-- Opening Marker --
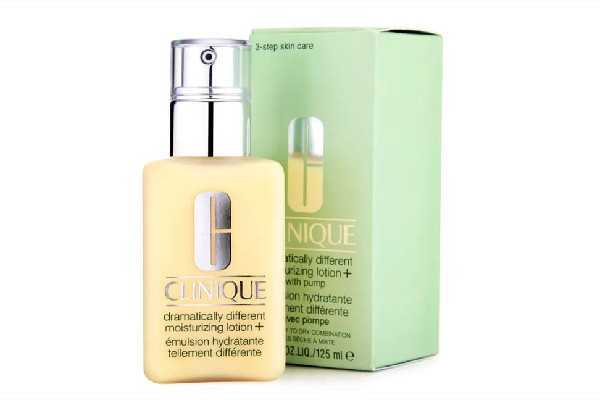 倩碧黄油的正确使用方法 倩碧黄油的正确使用方法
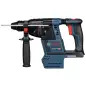 GBH 18V-26 Professional 0611909001 Bosch GBH 18V-26 Professional 0611909001 Bosch
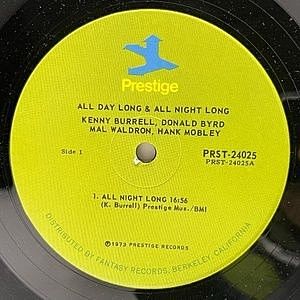 レコードサブ画像：4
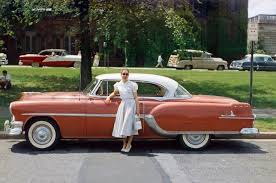 Image result for Catalina Tan 1946 Chrysler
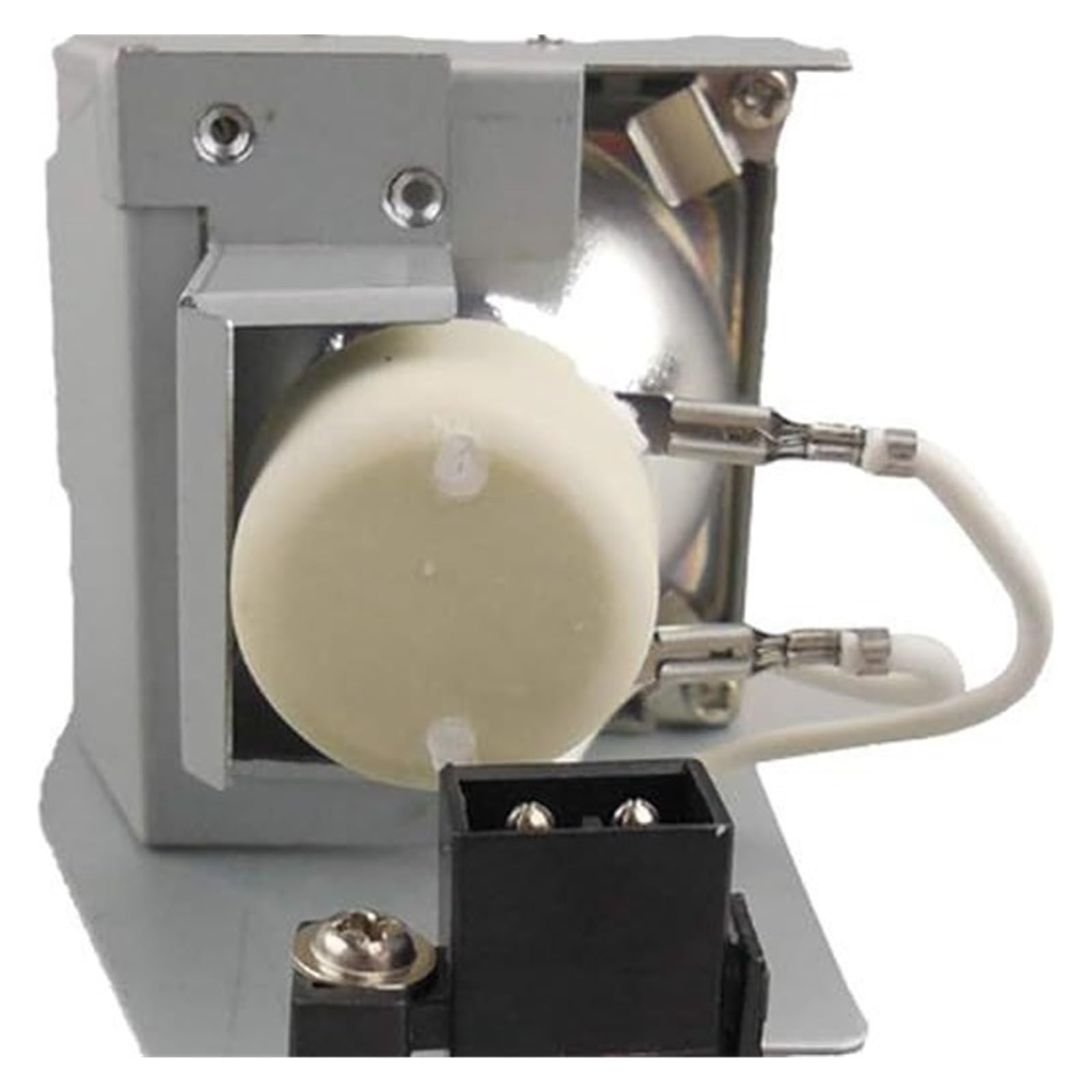 Lampa projektora 5J.J4105.001 pasująca do MS612ST(CB)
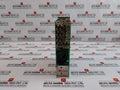 Siemens C73040-a51-c42-2-85 Pcb Module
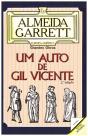 Um Auto de Gil Vicente - Preview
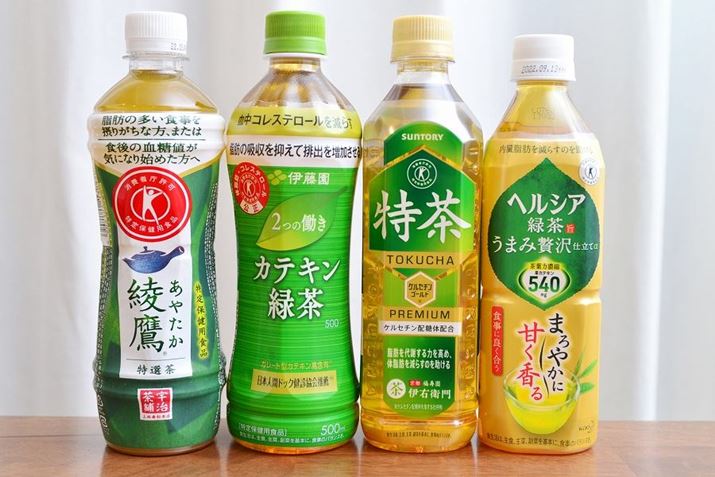 Au IvAu2̓ JeLΒ500vAuTg[Β ɉEq wTOKUCHAxvAuwVAΒ ܂ґdăvBgNziɂ́AۂɃoUC|[Ỹ}[N܂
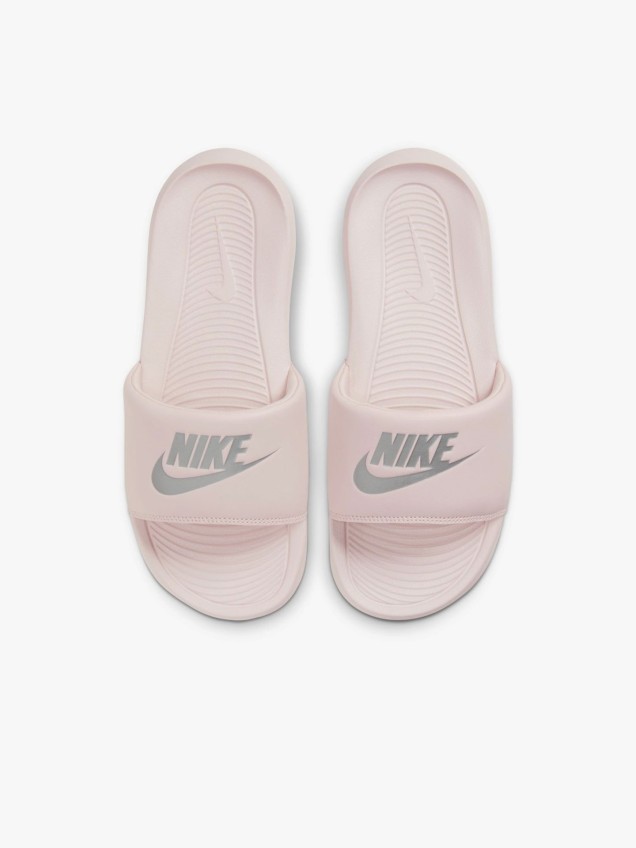 Chinelos Victori One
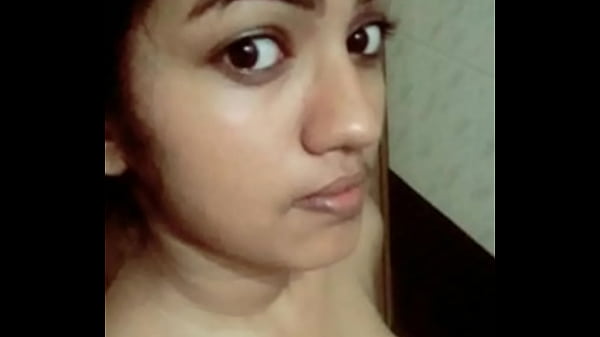 Desi, I Want You To Take Me Hard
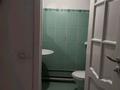 Жеке үй · 3 бөлме · 100 м² · 1 жүзд., Нұр Алатау ш/а., бағасы: 340 000 ₸ в Алматы, Бостандыкский р-н — фото 22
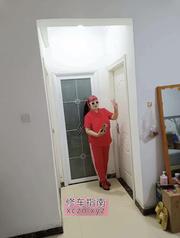 [河南-郑州]郑州三通熟女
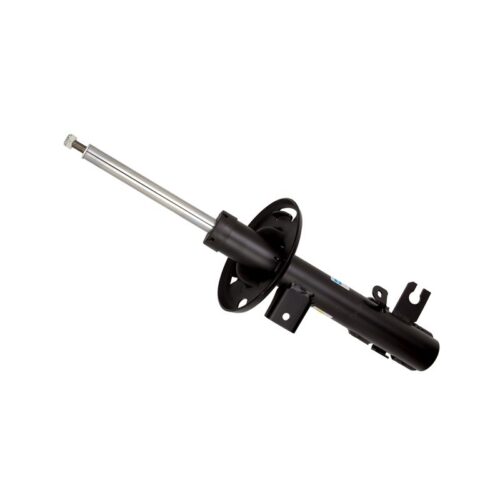 Bilstein B4 for 2014-2015 Mazda 3 Front Left Twintube Strut Assembly - Image 9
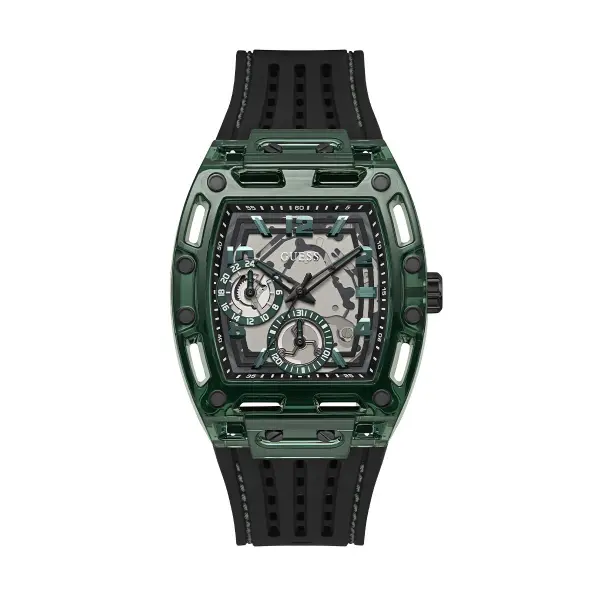 GUESS WATCHES Mod. GW0499G7-GW0499G7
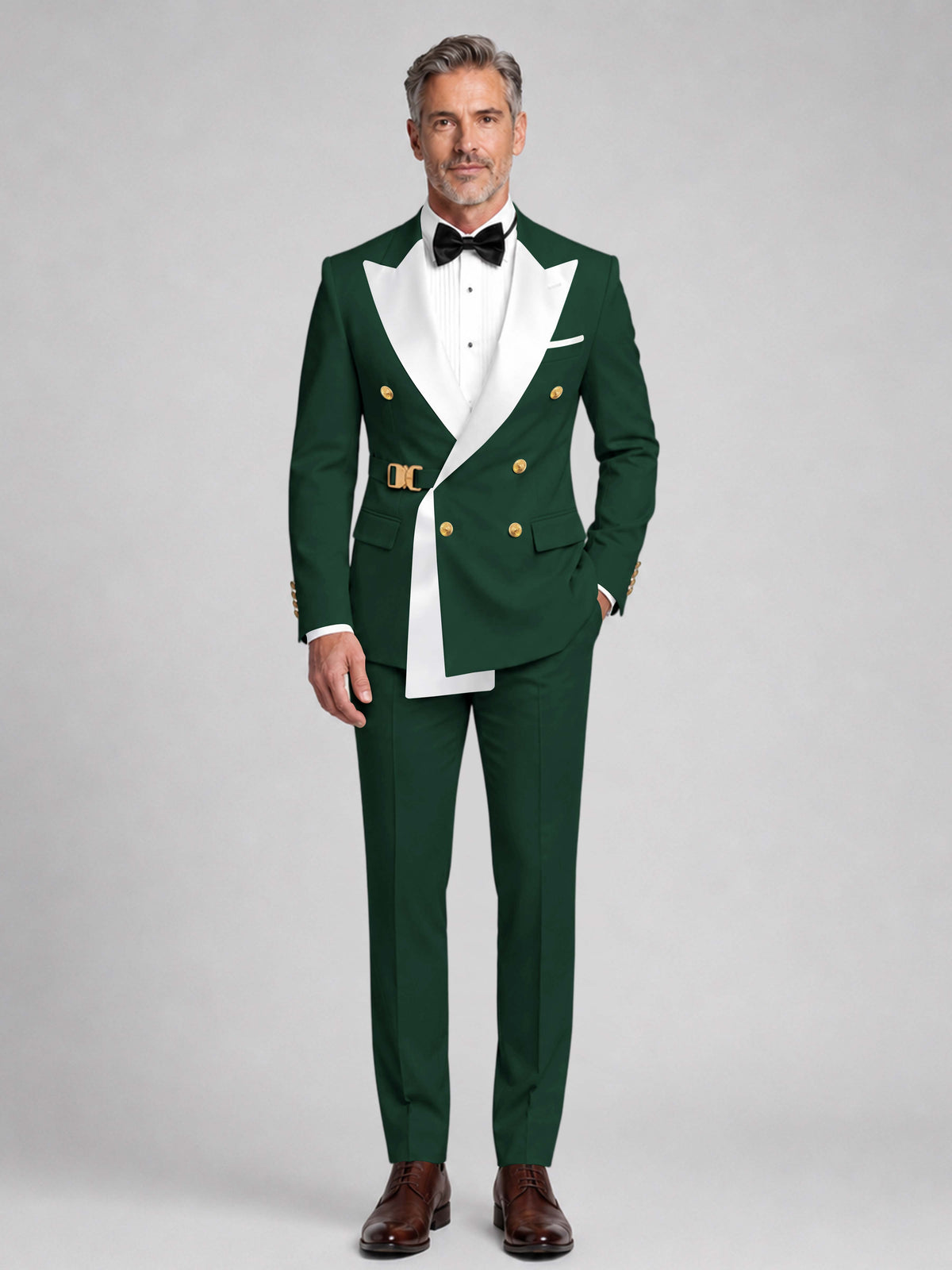 #Couleur_Vert Émeraude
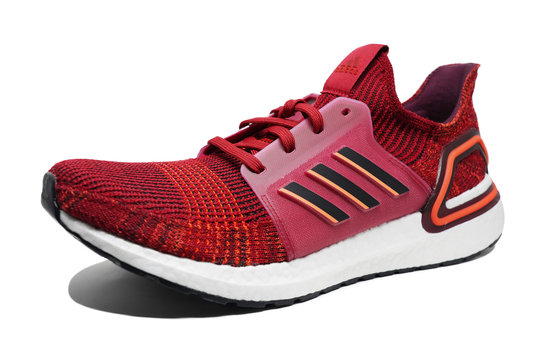 adidas gazelle silver green womens adidas Men's Ultraboost 21 Running Shoes, Size 8, Black/Grey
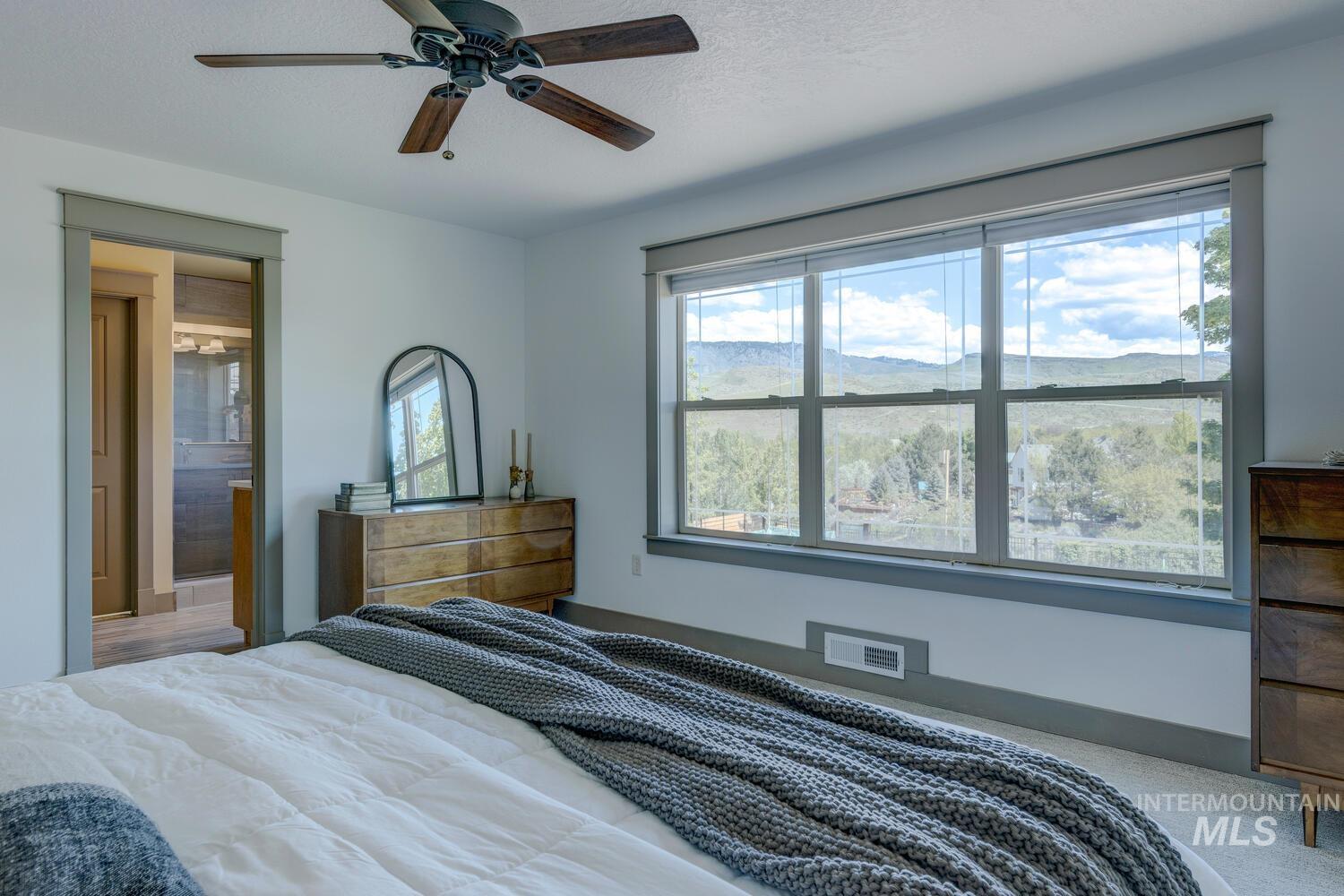 12960 N Schicks Ridge Rd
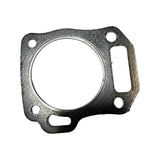 GASKET,CARBURETOR for HY2800L-2-F-03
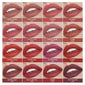 Glossy Lipstick Set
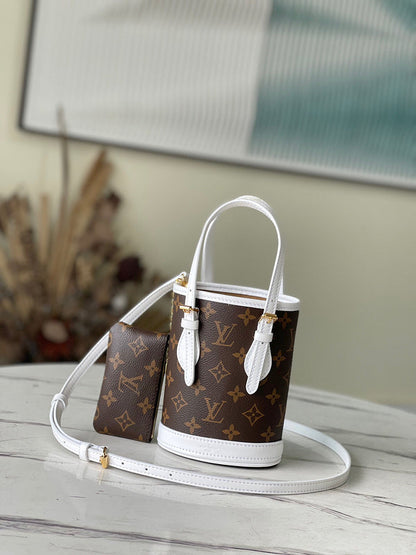 Fashion LTB-bags - 5055
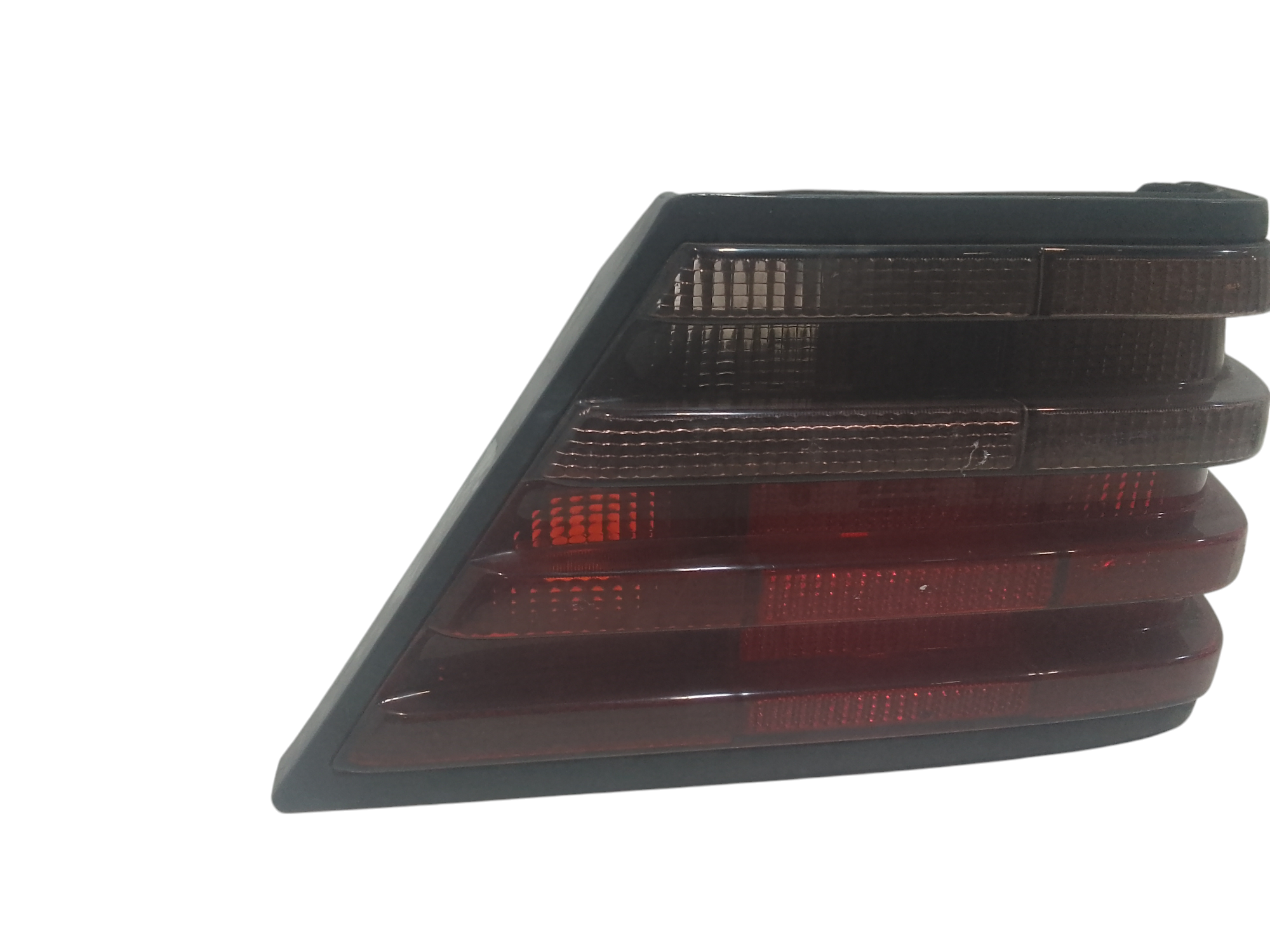 Stop fanale posteriore Destro Passeggero per Mercedes Classe E W124 (1993 - 1997)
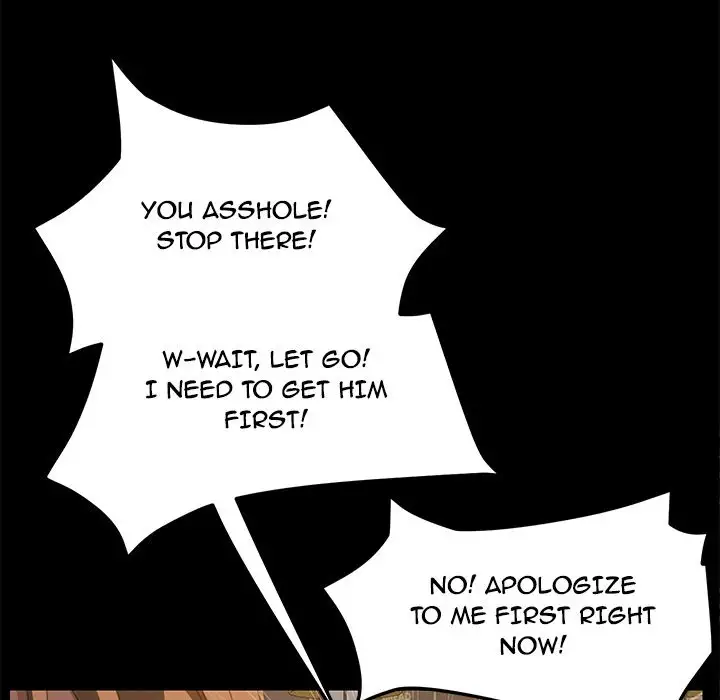 15 Minutes Chapter 16 Page 123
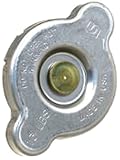Gates 31333 Radiator Cap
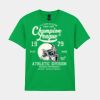 Heavy Cotton™ youth t-shirt Thumbnail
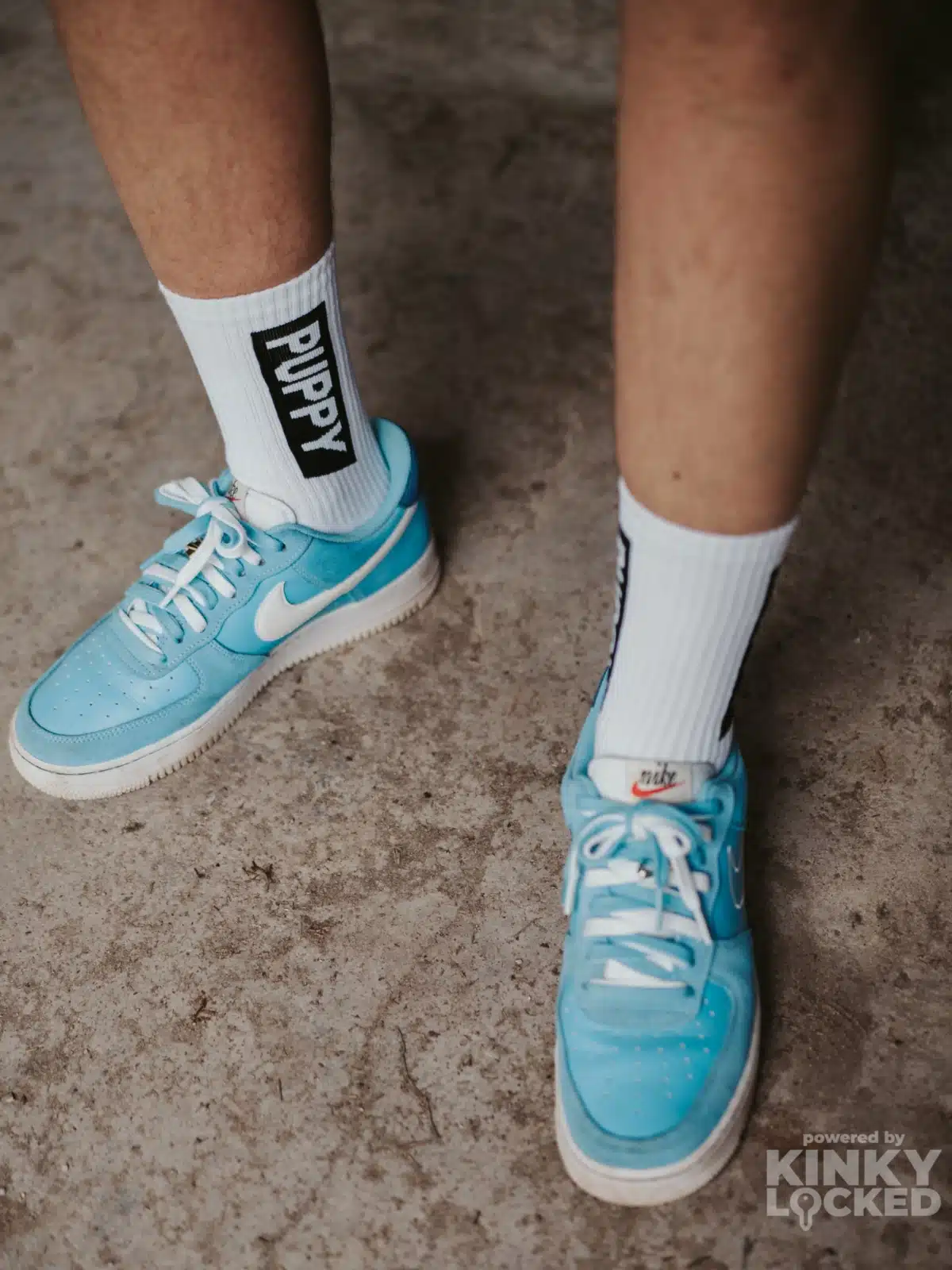 kinkylocked socks gay 6 z 17 scaled KINKY LOCKED - FETISH GEAR FOR EVERYONE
-- Closing Marker --
Work instructions
Do not include the images; transcribe the rest of the listing exactly.

Worked solution
 倩碧黄油的正确使用方法 倩碧黄油的正确使用方法
 GBH 18V-26 Professional 0611909001 Bosch GBH 18V-26 Professional 0611909001 Bosch
 レコードサブ画像：4
 Image result for Catalina Tan 1946 Chrysler
 Lampa projektora 5J.J4105.001 pasująca do MS612ST(CB)
 Siemens C73040-a51-c42-2-85 Pcb Module
 Um Auto de Gil Vicente - Preview
 Au IvAu2̓ JeLΒ500vAuTg[Β ɉEq wTOKUCHAxvAuwVAΒ ܂ґdăvBgNziɂ́AۂɃoUC|[Ỹ}[N܂
 Chinelos Victori One
 Desi, I Want You To Take Me Hard
 Жеке үй · 3 бөлме · 100 м² · 1 жүзд., Нұр Алатау ш/а., бағасы: 340 000 ₸ в Алматы, Бостандыкский р-н — фото 22
 [河南-郑州]郑州三通熟女
 Bilstein B4 for 2014-2015 Mazda 3 Front Left Twintube Strut Assembly - Image 9
 GUESS WATCHES Mod. GW0499G7-GW0499G7
 #Couleur_Vert Émeraude
 adidas gazelle silver green womens adidas Men's Ultraboost 21 Running Shoes, Size 8, Black/Grey
 12960 N Schicks Ridge Rd
 GASKET,CARBURETOR for HY2800L-2-F-03
 Glossy Lipstick Set
 Fashion LTB-bags - 5055
 Stop fanale posteriore Destro Passeggero per Mercedes Classe E W124 (1993 - 1997)
 15 Minutes Chapter 16 Page 123
Gates 31333 Radiator Cap
 Heavy Cotton™ youth t-shirt Thumbnail
 kinkylocked socks gay 6 z 17 scaled KINKY LOCKED - FETISH GEAR FOR EVERYONE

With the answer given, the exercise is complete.